Once upon a time, you went abroad with a meager foreign exchange allowance and did some budgetary calisthenics to bring back what you really wanted-and what would make your friends envious. This could be anything from a seven-sided pencil box, to lingerie that most people saw only in very fancy fashion magazines, to gadgets that would pluck out your led hair or help you make a sumptuous dinner. And if you could afford it, and had ways to take it back to India without getting caught by customs, you also acquired some real treasures, with fancy tags attached: Dior perfumes, Louis Vuitton luggage, Salvatore Ferragamo shoes, Mikasa glassware, Cross pens and perhaps a diamond or two courtesy Tiffany.
And then, as time went by, life got a little easier for the brand-hungry who were looking for that much coveted snob value. The shops in India at Mumbai and other metros and other such ‘grey market’ arcades could supply everything from washing machines, refrigerators and watches to chocolates, diapers and hairbrushes, all with the requisite label, but no guarantee except goodwill, no service contracts and, usually, no instruction manual. However, there was no real choice available or comparison possible; you had to know exactly what you wanted, or trust the dealer to give you what you asked for, in a time frame that was often unpredictable.

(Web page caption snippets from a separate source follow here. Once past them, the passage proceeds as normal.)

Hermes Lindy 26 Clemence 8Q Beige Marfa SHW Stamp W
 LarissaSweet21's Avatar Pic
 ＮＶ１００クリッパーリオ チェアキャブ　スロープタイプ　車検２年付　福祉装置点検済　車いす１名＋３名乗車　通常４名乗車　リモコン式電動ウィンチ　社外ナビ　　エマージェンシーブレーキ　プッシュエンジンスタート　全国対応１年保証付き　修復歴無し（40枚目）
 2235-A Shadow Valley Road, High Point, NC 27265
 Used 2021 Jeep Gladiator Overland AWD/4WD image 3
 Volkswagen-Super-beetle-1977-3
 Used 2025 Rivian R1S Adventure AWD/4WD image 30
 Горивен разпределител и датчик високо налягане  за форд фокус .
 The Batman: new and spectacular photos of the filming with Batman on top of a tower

And then the licenses started being issued. Special store spaces were created where you could acquire all the snob value you desired. Fragrances from reputed fashion houses like Cartier, Yves Saint Laurent and Calvin Klein flooded the counters in popular department stores. Clothes hit the racks, from Benetton to Tommy Hilfiger (who seemed to swallow his qualms about making clothing for the non-WASP population in the face of potential profits on a massive scale) to the fabulously publicized Reid and Taylor, much of it riding in on the coattails of Bollywood and its very visible stars.
Slowly popular international brands starting setting up individual stores in India, selling cameras (Nikon, Canon, Sony), luggage (Samsonite, American Tourister, Delsey), sportswear (Reebok, Nike), white goods (Siemens, Bosch, Samsung, LG) and personal-use products (cosmetics-Maybelline, Revlon, Bourjois; lingerie-Triumph, Enamor, Lovable; clothing-Lee, Levis, Cherokee). Soon, stores themselves made their presence felt, from MacDonald’s to Marks and Spencer. And the shoppers flooded in: young people with decent disposable incomes. The luxury market followed closely behind, primarily targeting the high-fashion buyers. From Jimmy Choo to Chanel, Vuitton to Tod’s, Elizabeth Arden to Clinique, Rado to Omega, they all came and, in a limited section of society, conquered. There is a growing population of millionaires in India and they are all willing to spend. So in this age of a brand-around the corner, how do you get to be a cut-above?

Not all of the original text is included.